The study published by the German economic newspaper Handelsblatt is written by Jan Hildebrand and Thomas Sigmund, researchers at the European School of Technology and Management in Berlin. And concludes that the priority of bailouts designed by the ECB, European Commission and IMF was to save the banks and private creditors, not the Greek people.
"The bailout packages served first to rescue the banks," confirms Jörg Rocholl, president of the institution and adviser to Minister Schäuble. The study shows that 86.9 billion were used to pay off old debts, 52.3 billion went to pay interest and 37.3 billion went to the recapitalization of banking in Greece.
Although the money paid for debt service is always an expense of any state budget, the truth is that Greece has been bankrupt since 2010, notes the German newspaper, casting doubt on the way the redemptions were conceived.
"Greece would be in a better position today if there had been debt relief at the beginning of the crisis in 2010, much damage would have been avoided for both Greece and Europe as a whole," says Marcel Fratzscher, president of the German Research Institute Economical (DIW), to Handelsblatt.
Comments
But the EU, with its rules written on tissue paper, and its "assumption" that borrowers have the same views on debt as lenders, and the introduction of the euro currency, is at fault.
When England and Scotland combined in the early 18th century, they took care to amalgamate their fiscal systems; so did the United States in the late 18th century. The EU was formed without this essential first step, and is unsustainable until that step is rectified. One of the few good decisions made by Gordon Brown was for Britain to remain outside the euro bloc.

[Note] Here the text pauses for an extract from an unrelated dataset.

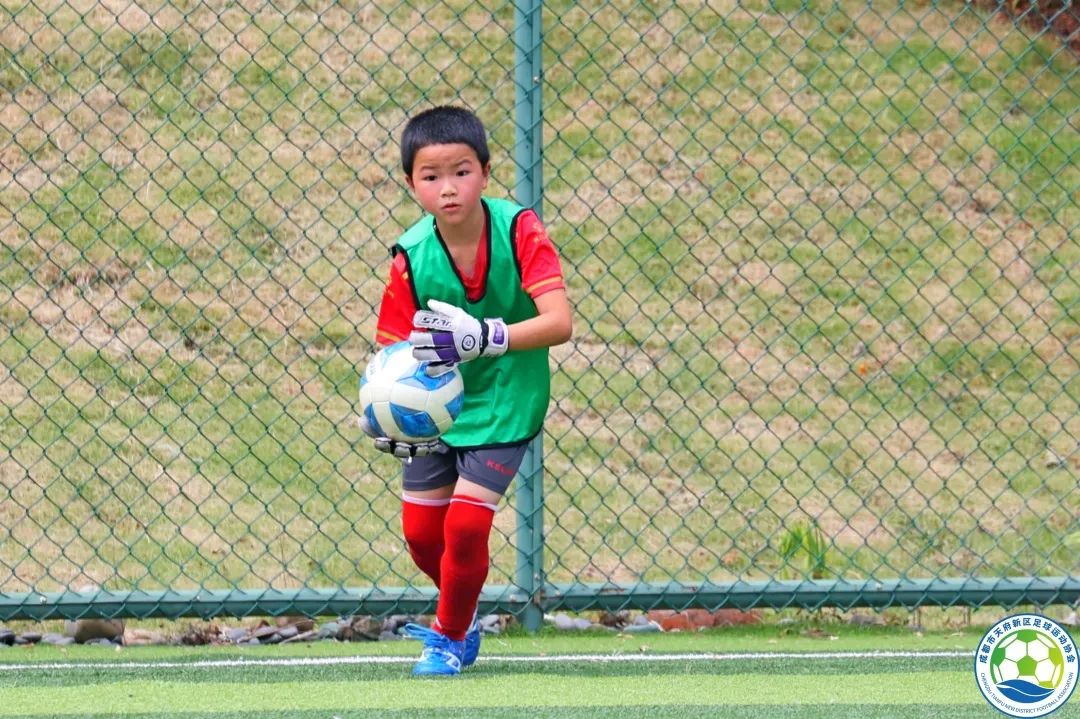 四川天府新区合江小学足球比赛,天府新区合江小学足球比赛2020年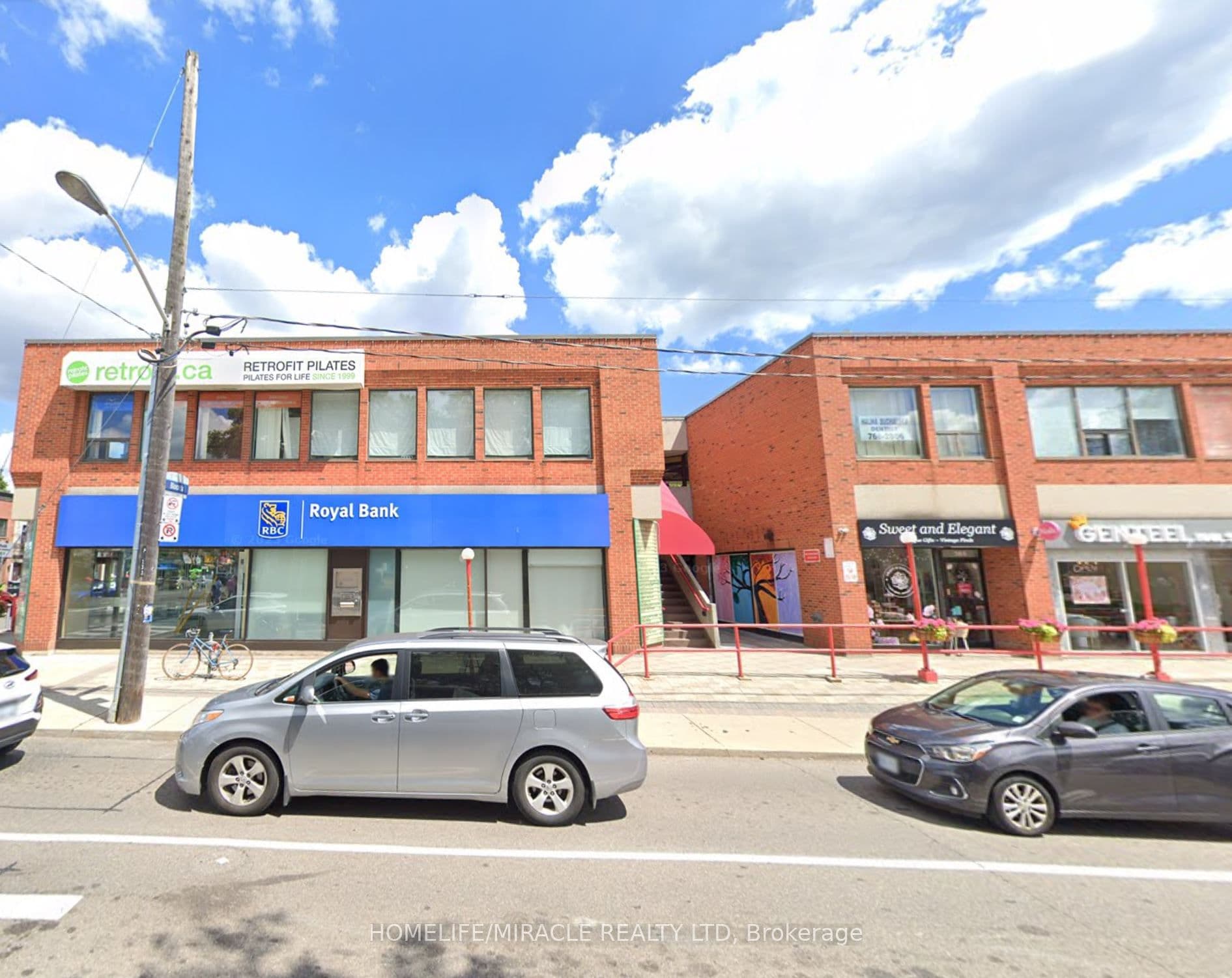 2323 Bloor Street W 8, Toronto, ON M6S 4W1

CHIP IS CORRECT - lenders have a legal right to assume that debts will be paid, but where debts turn into bad debts, they have no right to expect rest of taxpayers to make good on their bad decisions. If I lend money, I don't expect the state to bail me out if I make a bad decision - that's what insolvency law if for? Let's not forget who the parasites are here: the banks. When they make profits, they're private profits. When they make losses, the come begging for rescue.
In retrospect, we made a big mistake no simply letting the Greeks default. If German, Italian, French, UK and Spanish banks make bad decisions - that's not our problem.
The problem is the EU standards which are as solid as tissue paper. They have no idea where the money went in Greece; they don't even know where THEIR (our) money went - witness 21 years of accounts that have failed audit and not one bureaucrat jailed.
How much of this debt -if public borrowing - was diverted into private pockets and then off-shore or ploughed into 'private projects'? If private borrowing how much was unsecured to any asset. Other peoples money just handed to 'friends and family'? As with Greece and Italy - Portugal (a far smaller economy) has half a trillion of unsustainable debt, and rising by millions each week, to pay back. They should be left to get on with continuing to fail as they have failed so many of us over the years.